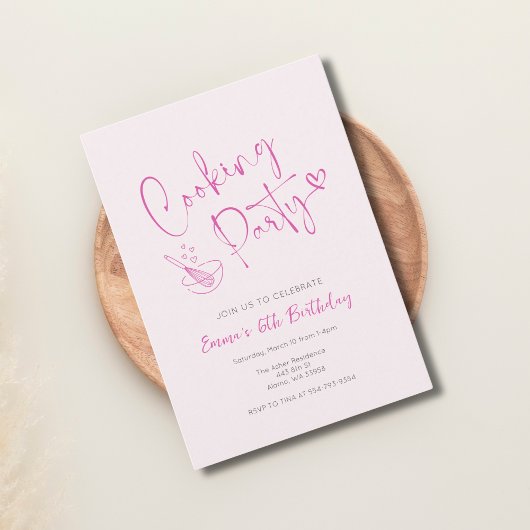 Invitation Cuisine Enfants roses Anniversaire Modèle d'invita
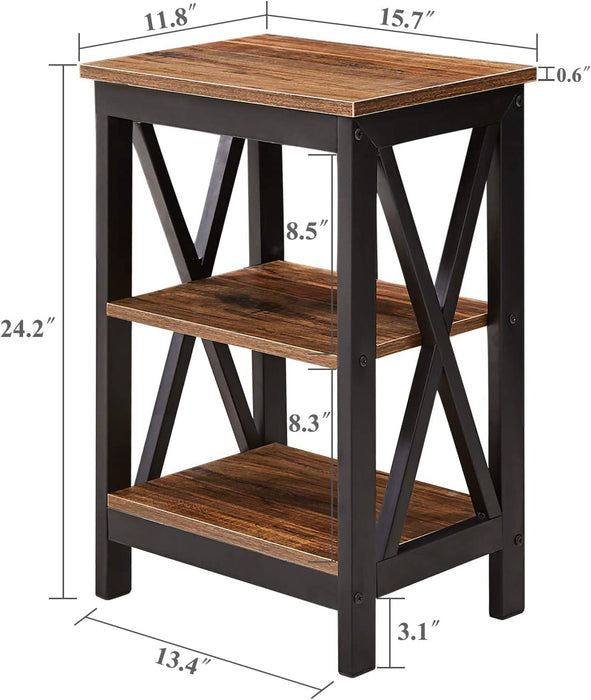 Brown X-Design Nightstand with Storage Shelf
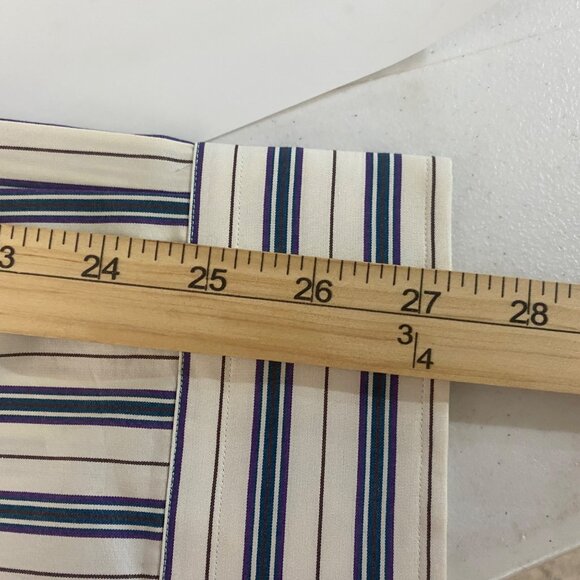 Polo Ralph Lauren Curham Custom Fit Dress Shirt Mens XL Blue Beige Striped Butto - Picture 9 of 10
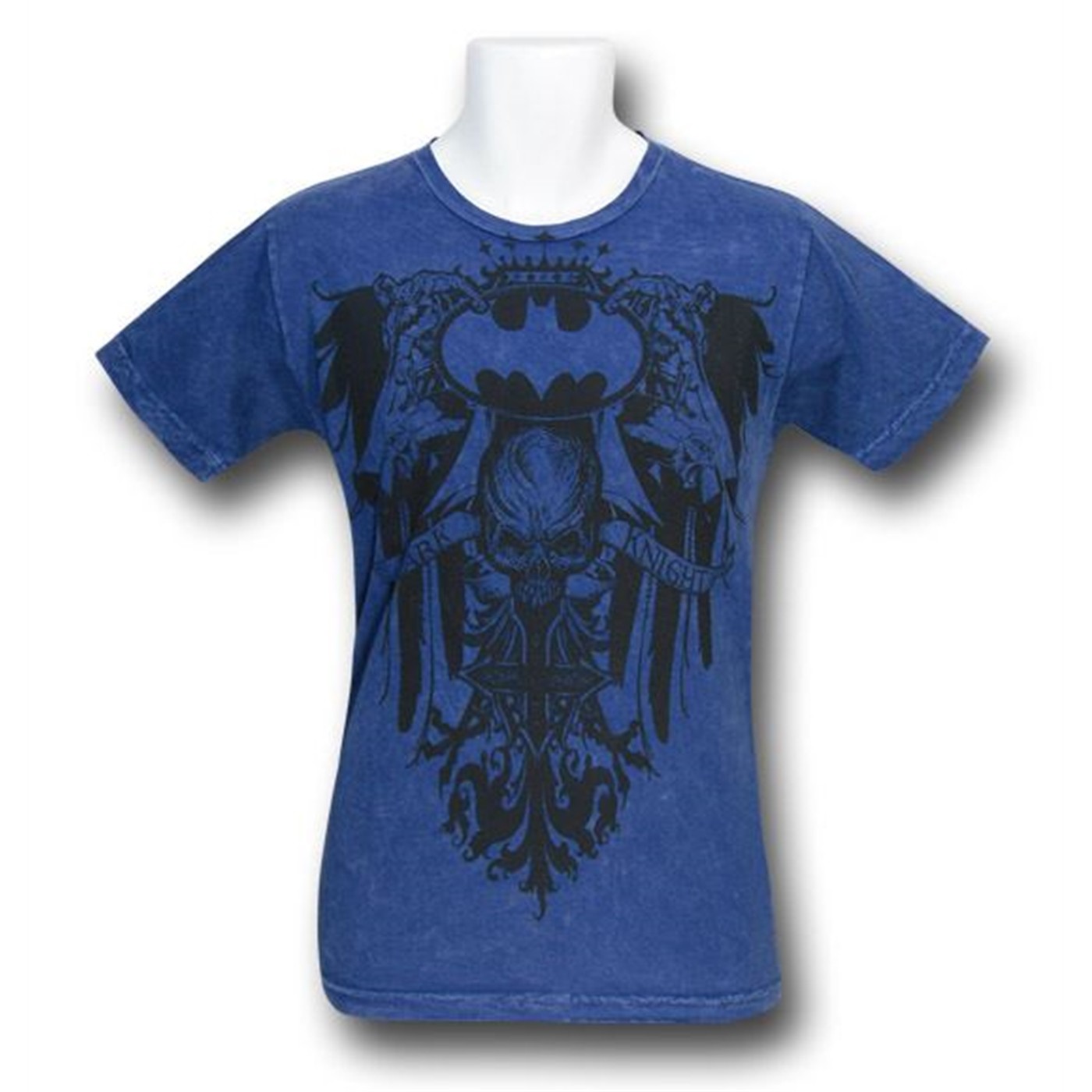 Batman Gothic Skull Flourish Acid Wash T-Shirt, Blue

WHAT YOU HAVE TO DO: A faithful copy of the data is required: each word kept, each picture omitted.

SOLUTION TO THIS PROBLEM:
 Invitation Cuisine Enfants roses Anniversaire Modèle d'invita
 Brown X-Design Nightstand with Storage Shelf
 Polo Ralph Lauren Curham Custom Fit Dress Shirt Mens XL Blue Beige Striped Butto - Picture 9 of 10
 Batman Gothic Skull Flourish Acid Wash T-Shirt, Blue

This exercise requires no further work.